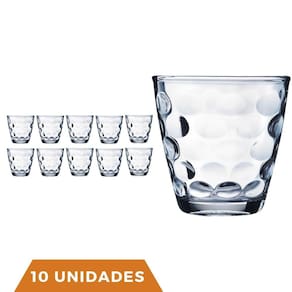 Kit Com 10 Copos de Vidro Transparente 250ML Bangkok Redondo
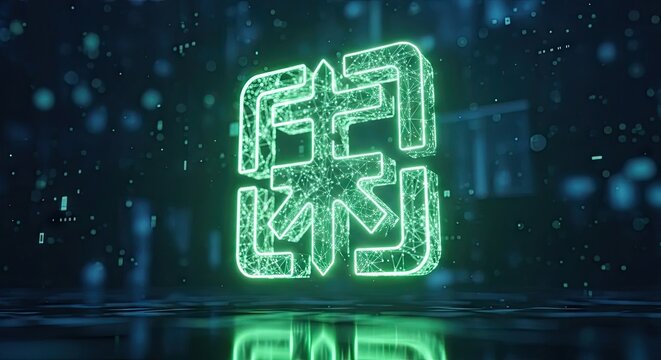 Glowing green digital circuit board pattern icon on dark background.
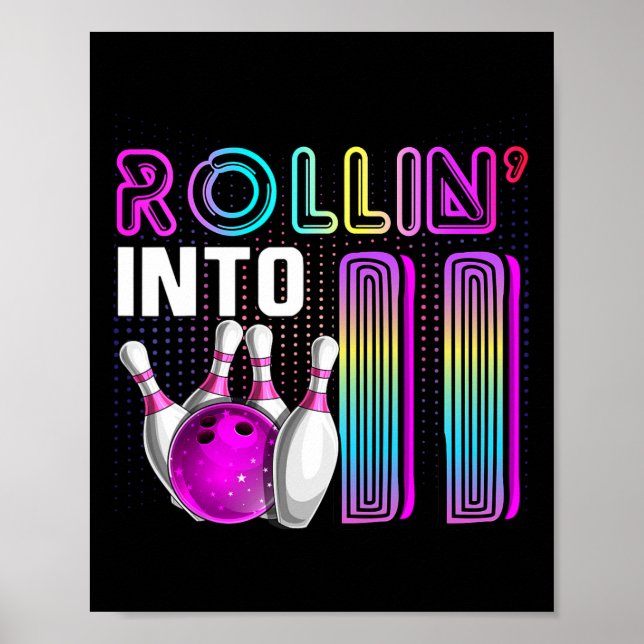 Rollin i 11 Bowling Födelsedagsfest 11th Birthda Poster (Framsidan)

****************

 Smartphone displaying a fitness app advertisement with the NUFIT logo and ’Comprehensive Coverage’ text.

****************

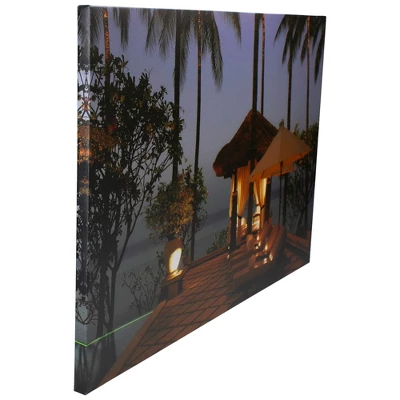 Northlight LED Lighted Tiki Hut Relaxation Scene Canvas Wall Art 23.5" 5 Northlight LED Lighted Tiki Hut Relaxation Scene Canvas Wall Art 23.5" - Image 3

****************

| Your assignment |
Given the listing above, repeat exactly the lines starting at the one with "Glowing green digital" and ending at the one with "Rollin i 11", inclusive, excluding pictures.

| Your solution |
 Glowing green digital circuit board pattern icon on dark background.
 Rollin i 11 Bowling Födelsedagsfest 11th Birthda Poster (Framsidan)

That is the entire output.